Mas não é só, profissionais e organizações que prosperam – e não apenas sobrevivem – são aqueles que aprendem a tirar proveito das incertezas, esperam o imprevisível e melhoram na crise.

De minha experiência com reestruturação de empresas, coleciono casos de companhias que se reorganizam, inovam, abrem novos mercados, e se tornam muito mais enxutas e produtivas na crise, tornando-se mais fortes e rentáveis quando superada a adversidade. Mas, também já vi situações em que empresas sucumbiram, insistiram em fazer “mais do mesmo”, rezando para que a tempestade passasse, mas perpetuando-a em sua própria inércia.

David Boot, fundador do Dimensional Fund Advisors, exemplifica a proposição acima, citando o mercado de ações. Em entrevista concedida no SXSW 2024, em sessão intitulada Uncertainty is Underrated, Boot explica que a história provou que a tentativa de projetar o preço das ações no tempo é inútil, sendo impossível neutralizar a incerteza inerente à sua complexidade. Propõe, entretanto, que a incerteza é justamente o que gera a oportunidade, pois, se não houvesse incerteza, não haveria risco, e todos os ativos teriam o mesmo retorno, ou seja, o retorno de ativos sem risco.

Ao criar o Dimensional Fund Advisors, David Boot procurou não apenas navegar na incerteza, tirando proveito da volatilidade das ações, mas, também, criar uma estratégia que resistisse ao inesperado. Conta que, no início de sua história, o fundo mantinha uma grande concentração em ações de empresas menores, que acabaram performando substancialmente pior do que as empresas do S&P 500. Explica que, ainda assim, manteve a sua posição, reportando resultados satisfatórios em tal portifólio apenas uma década depois.

Não obstante, embora tenha se mantido fiel ao racional que o levou a decidir por investir em empresas menores à época, aprendeu com as circunstâncias, diversificando sua carteira mediante a inclusão de grandes companhias.

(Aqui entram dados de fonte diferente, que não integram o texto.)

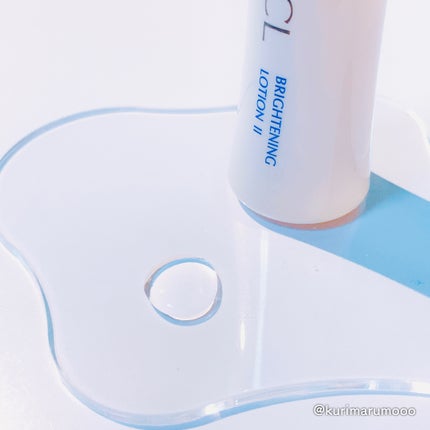 ブライトニング 化粧液 II しっとり<医薬部外品>/ファンケル/化粧水を使ったクチコミ(3枚目)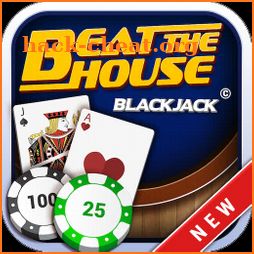 "Beat The House" Black- Jack icon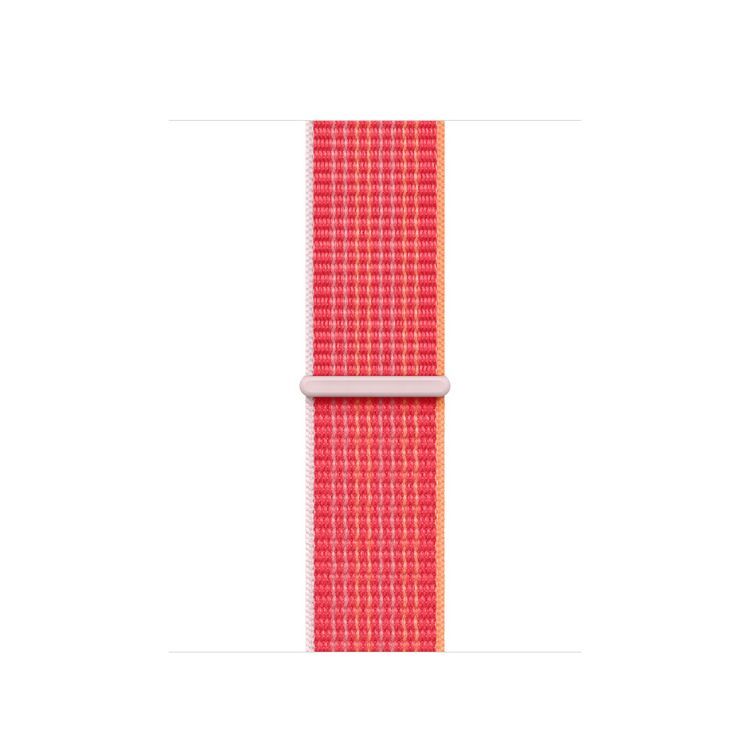 Ремешок Apple Sport Loop для Apple Watch 41mm, Нейлон, (PRODUCT)RED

Sua postura resiliente, mas ao mesmo humilde, o levaram a revisitar sua estratégia, garantindo o sucesso de seu fundo, que em 40 anos de história hoje conta com mais de USD 700 bilhões em ativos.

Para vencer e melhorar na crise, é necessário cultivar uma mentalidade de crescimento, que não apenas fomenta a criatividade do time, mas que se paute em processos e estruturas (tanto financeiras como humanas) que resistam a imprevistos, e mantenham firmes os objetivos de longo prazo da companhia. Afinal, como ensinou o filósofo Epicteto: “Não é o que acontece com você, mas é como você reage que importa”. Todos nós enfrentaremos a adversidade, a questão não é “se”, mas “como”.

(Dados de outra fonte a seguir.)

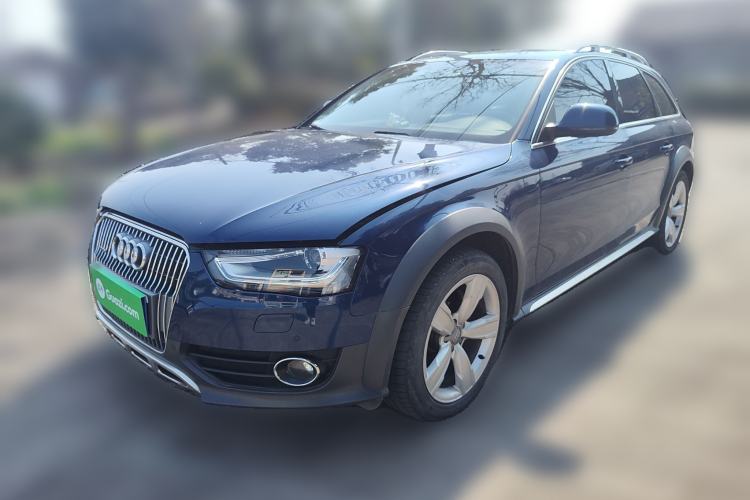Used Audi A4 (Import) 2014 40 TFSI allroad quattro plus version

Apaixonar-se pela incerteza é um imperativo nos dias de hoje. Administrá-la é necessário, mas tentar evitá-la é inútil. A incerteza não é uma inimiga a ser derrotada, mas uma realidade a ser abraçada. Ao aceitar e se preparar para a incerteza, os líderes podem transformar suas organizações em entidades resilientes, inovadoras e antifrágeis. No mundo empresarial, onde a única constante é a mudança, aqueles que abraçam a incerteza são os únicos com condição de prosperar.